Return the data that follows exactly, with each line intact.

▶ **Source material**:

===

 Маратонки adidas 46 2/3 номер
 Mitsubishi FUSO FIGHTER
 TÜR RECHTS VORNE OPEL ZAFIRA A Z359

===

▶ **Answer section**:
 Маратонки adidas 46 2/3 номер
 Mitsubishi FUSO FIGHTER
 TÜR RECHTS VORNE OPEL ZAFIRA A Z359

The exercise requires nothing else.